**PROVIDED DATA:**
· · · ·
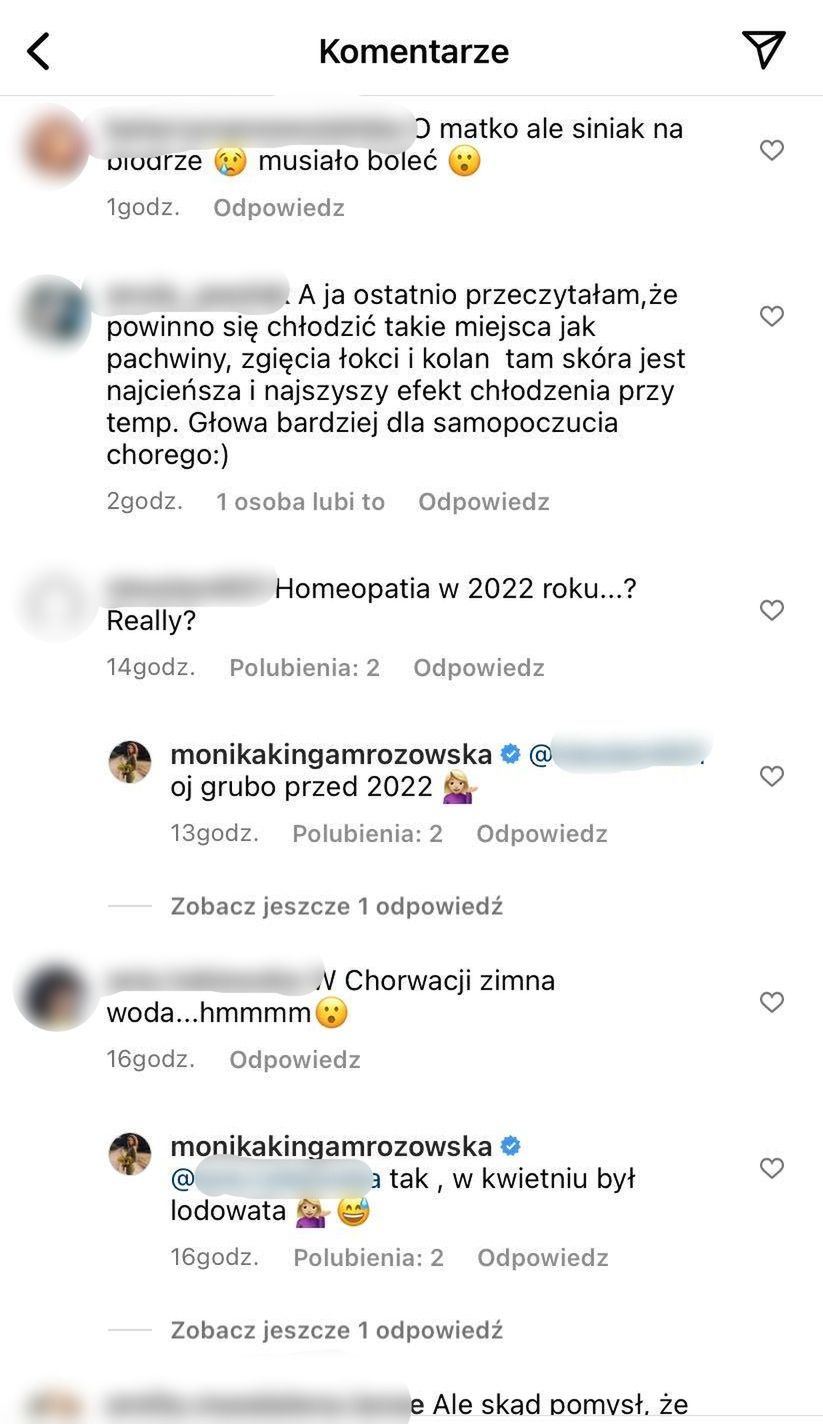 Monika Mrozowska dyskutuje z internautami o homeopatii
· · · ·
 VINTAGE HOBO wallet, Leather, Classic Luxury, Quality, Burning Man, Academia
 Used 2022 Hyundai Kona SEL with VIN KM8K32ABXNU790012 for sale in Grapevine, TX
· · · ·
**PROMPT:** Please give an exact copy of the entries above, from the line with "VINTAGE HOBO wallet, Leather, Classic" down to the line with "Used 2022 Hyundai", inclusive, and nothing else.

**PROBLEM SOLUTION:**
 VINTAGE HOBO wallet, Leather, Classic Luxury, Quality, Burning Man, Academia
 Used 2022 Hyundai Kona SEL with VIN KM8K32ABXNU790012 for sale in Grapevine, TX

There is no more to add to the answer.